See more about them on the next pages. All times are Eastern; check your local listings.
OK, all the Andy Hardy movies are pretty silly, but some film fans love them just the same. TCM is showing three entries from the series about the romantic problems of Andy (Mickey Rooney), the teenage son in an idealized family in an idealized small town. In Love Finds Andy Hardy (1938), Andy Hardy Meets Debutante (1940), and Life Begins for Andy Hardy (1941), Garland plays Betsy Booth, who has a crush on Andy. Among her lines is "I sing, you know." Understatement of the century! TCM is also showing a non-Hardy film that marked the first teaming of Garland and Rooney, Thoroughbreds Don't Cry (1937).

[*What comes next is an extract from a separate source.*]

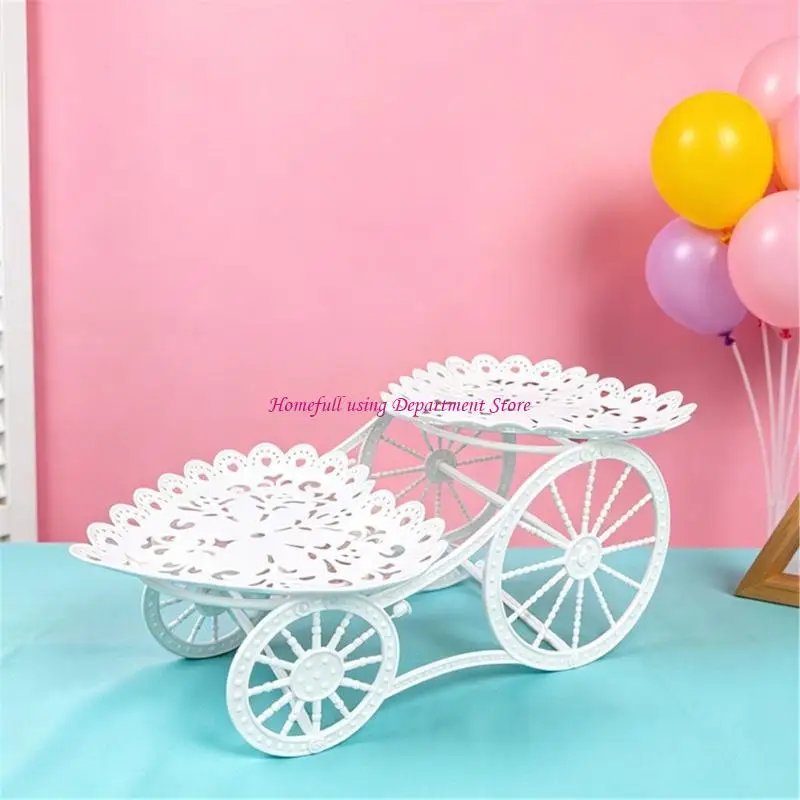  Party Table Dessert Serving Stand with White Trays for Fruit, Pastries and Treat Display during Family Hosting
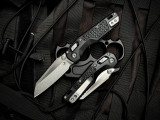 Microtech MSI Mini RAM-LOK Folder Black Frag Aluminum Body w/ M390MK Stonewashed Plain Edge Blade (3.25") 210M-10FR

Thoroughbreds Don't Cry, 1 p.m. Friday, June 17
Love Finds Andy Hardy, 2:30 p.m. Friday, June 17
Andy Hardy Meets Debutante, 4:15 p.m. Friday, June 17
Life Begins for Andy Hardy, 6 p.m. Friday, June 17
This musical Western, released in 1946, is a typically lavish MGM production with some atypical subject matter -- women going west to work as waitresses at the Harvey House restaurant chain in the late 19th century. Garland, as one of the waitresses, falls in love with a saloon owner (John Hodiak) but has a dance-hall performer (Angela Lansbury) as a rival for his affections. The highlight: Garland's rendition of "On the Atchison, Topeka and the Santa Fe."

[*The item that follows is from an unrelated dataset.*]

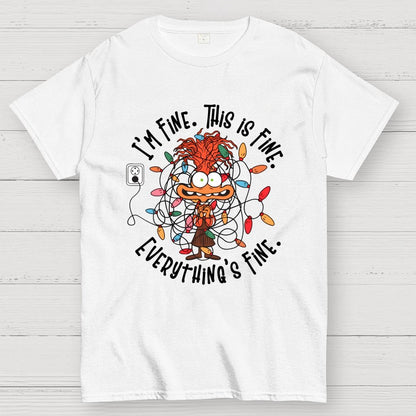 It's Fine This Is Fine Everything Is Fine Christmas Light Geek T-Shirt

The Harvey Girls, 8 p.m. Friday, June 17
Another example of MGM musical fabulosity, this 1948 film teams Garland with Fred Astaire, Ann Miller, and Peter Lawford. The plot, such as it is, deals with career and romantic complications among entertainers in the early 20th century, but the real reason to watch comes from the great song-and-dance numbers, set to the music of Irving Berlin, including "A Couple of Swells," "Shakin' the Blues Away," and the title tune.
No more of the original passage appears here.